This is pretty interesting, and I've never heard of it before today. However - I am a little worried that this seems to allow anyone that enables this option to track all users that make DNS lookups. And it doesn't say if there's a way to disable the behavior, short of switching to a DNS server that doesn't do this.
We've thought about letting people turn it on or off, but have held off for now. We're only sending the edns-option to authoritative DNS providers who also handle the HTTP request, and thus would have seen the entire src_ip anyways.
David, I hope you'll forgive me for asking questions before I'm done
reading the draft, but I'm curious about one thing. Are there any known
effects on client-side caching? I can't think of any, but the rise in
high latency links on the last hop (particularly mobile, but to a
lesser degree WiMax, satellite, ...) is one of the places where
client-side caching (including dns caching) can make a big difference.
If you've ever seen the painfully common DNS issues on Verizon Wireless,
you'd know why I'm asking. ;)
Usually the company that now gets the first 3 octets of your IP4 address is the same company that will get your full IP address anyway when you hit their web page.

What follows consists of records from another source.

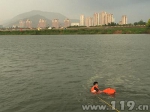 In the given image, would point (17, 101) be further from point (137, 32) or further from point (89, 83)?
point (137, 32)

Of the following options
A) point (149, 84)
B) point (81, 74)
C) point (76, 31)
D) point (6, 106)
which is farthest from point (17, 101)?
point (76, 31)

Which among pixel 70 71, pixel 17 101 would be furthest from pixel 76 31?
pixel 17 101

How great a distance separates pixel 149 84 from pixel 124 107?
25.6 ft

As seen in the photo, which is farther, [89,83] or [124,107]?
[89,83]

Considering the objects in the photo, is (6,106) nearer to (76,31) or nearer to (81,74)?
(81,74)

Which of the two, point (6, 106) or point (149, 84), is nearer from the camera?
point (6, 106)

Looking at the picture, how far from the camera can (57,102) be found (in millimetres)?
18047

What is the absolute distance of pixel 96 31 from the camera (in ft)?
607

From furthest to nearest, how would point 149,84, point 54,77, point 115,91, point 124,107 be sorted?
1. point 54,77
2. point 149,84
3. point 115,91
4. point 124,107

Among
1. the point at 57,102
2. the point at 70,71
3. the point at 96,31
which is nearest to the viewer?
the point at 57,102

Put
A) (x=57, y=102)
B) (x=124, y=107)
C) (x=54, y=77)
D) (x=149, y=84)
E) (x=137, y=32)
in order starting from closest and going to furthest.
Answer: (x=124, y=107) → (x=57, y=102) → (x=149, y=84) → (x=54, y=77) → (x=137, y=32)

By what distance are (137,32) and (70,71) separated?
148 meters

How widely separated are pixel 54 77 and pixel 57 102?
29.6 feet

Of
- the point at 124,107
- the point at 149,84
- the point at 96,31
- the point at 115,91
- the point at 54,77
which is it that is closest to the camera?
the point at 124,107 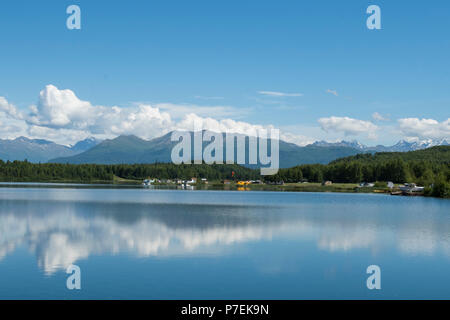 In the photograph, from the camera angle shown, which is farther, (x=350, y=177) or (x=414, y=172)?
(x=350, y=177)

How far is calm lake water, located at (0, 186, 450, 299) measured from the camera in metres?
19.5

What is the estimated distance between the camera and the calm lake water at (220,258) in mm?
19500

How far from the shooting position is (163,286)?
65.2ft

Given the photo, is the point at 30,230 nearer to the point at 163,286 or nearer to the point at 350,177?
the point at 163,286

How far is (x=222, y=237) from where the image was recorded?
33875mm

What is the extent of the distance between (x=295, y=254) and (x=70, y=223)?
22907mm

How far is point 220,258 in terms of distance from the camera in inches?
1030
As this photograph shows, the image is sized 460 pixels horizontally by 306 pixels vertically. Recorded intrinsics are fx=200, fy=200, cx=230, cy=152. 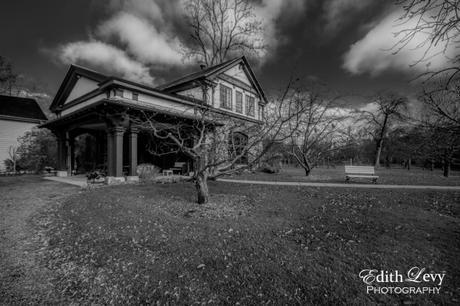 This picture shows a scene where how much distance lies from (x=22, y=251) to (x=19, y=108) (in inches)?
943

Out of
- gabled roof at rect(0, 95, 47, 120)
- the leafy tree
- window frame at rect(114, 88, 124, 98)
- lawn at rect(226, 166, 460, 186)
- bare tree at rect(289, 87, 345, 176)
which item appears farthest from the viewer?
gabled roof at rect(0, 95, 47, 120)

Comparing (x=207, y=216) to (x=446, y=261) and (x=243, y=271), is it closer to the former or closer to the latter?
(x=243, y=271)

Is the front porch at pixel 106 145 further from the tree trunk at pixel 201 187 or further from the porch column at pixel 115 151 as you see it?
the tree trunk at pixel 201 187

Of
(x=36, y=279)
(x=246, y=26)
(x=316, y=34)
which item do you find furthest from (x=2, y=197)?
(x=246, y=26)

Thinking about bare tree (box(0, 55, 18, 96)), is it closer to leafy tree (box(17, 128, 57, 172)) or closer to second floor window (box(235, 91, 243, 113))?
leafy tree (box(17, 128, 57, 172))

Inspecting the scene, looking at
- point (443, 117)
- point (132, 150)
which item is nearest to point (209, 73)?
point (132, 150)

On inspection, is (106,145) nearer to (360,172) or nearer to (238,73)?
(238,73)

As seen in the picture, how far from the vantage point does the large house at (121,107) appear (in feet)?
31.6

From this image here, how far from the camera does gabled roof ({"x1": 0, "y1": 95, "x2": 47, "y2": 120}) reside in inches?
725

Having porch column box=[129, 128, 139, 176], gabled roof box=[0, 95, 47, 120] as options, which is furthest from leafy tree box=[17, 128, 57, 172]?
porch column box=[129, 128, 139, 176]

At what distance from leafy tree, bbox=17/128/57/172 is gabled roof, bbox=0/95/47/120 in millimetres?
3147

Your statement is true, but unfortunately, you're not thinking it
through completely, so you don't see the worrying implications. Most
modern web browsers these days do "DNS Prefetch" which is a fancy way to
say domain names found within web pages are resolved to IP address
before they are actually needed. This means the new GIS (Global
Internet Speedup) garbage will send the first three octets of your IP
address to every evil spamming/tracking site that has a link on the page
you're viewing regardless if you followed the link due to the browser
doing a DNS prefetch.
If you run your own DNS server, then the browser DNS prefetch is
already allowing you to be tracked, and by full IP address rather than
just the first three octets. On the other hand, most people do not run
their own DNS server, so GIS is a reduction of privacy.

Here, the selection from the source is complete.